Da spricht mich ein Unternehmer mit 200 Beschäftigten an, dessen Unternehmen Wechselrichter für die Erzeugung von Solarenergie herstellt. Da kommen Vertreter eines Stahlwerkes auf mich zu, das Elektroband für die Erzeugung von Energie durch Windkraftanlagen produziert und Arbeitsplätze sichert, die umweltfreundlich und standortnah sind.
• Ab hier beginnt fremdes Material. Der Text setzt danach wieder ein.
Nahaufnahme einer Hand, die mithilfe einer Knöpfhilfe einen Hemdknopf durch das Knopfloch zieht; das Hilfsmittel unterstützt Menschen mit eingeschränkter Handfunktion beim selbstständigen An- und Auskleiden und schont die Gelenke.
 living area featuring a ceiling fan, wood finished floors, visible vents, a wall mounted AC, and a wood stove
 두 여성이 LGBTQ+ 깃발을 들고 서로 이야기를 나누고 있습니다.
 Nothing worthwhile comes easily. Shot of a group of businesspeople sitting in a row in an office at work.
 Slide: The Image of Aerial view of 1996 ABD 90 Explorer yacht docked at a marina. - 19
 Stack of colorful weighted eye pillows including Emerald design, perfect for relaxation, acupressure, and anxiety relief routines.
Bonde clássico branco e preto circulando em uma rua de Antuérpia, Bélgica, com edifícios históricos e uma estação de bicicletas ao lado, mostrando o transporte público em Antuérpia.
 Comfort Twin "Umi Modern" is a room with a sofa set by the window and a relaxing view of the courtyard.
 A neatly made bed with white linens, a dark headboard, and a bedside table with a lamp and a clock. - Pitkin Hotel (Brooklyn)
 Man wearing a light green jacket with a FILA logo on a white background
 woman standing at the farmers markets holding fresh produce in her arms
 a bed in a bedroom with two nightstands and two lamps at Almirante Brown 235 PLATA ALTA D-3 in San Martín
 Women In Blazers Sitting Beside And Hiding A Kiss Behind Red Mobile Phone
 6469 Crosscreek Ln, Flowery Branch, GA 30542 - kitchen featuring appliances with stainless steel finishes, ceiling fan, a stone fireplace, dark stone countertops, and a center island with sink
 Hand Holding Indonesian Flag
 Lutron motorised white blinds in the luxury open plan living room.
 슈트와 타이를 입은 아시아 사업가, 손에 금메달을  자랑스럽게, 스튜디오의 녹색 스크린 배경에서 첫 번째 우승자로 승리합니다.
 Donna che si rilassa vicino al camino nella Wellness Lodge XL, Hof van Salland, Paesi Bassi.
Diese Regierung aber hat nichts anderes im Sinn, als diesen Technologiezweig in höchstem Maße zu verunsichern.

Ein weiteres Problem, auf das im Bericht der Expertenkommission, über den wir heute auch diskutieren, hingewiesen wird, ist der mangelnde Technologietransfer, der in Deutschland stattfindet, also der Übergang von Forschungsergebnissen in kommerziell nutzbare Produkte wie MP3-Player, Faxgeräte und Ähnliches.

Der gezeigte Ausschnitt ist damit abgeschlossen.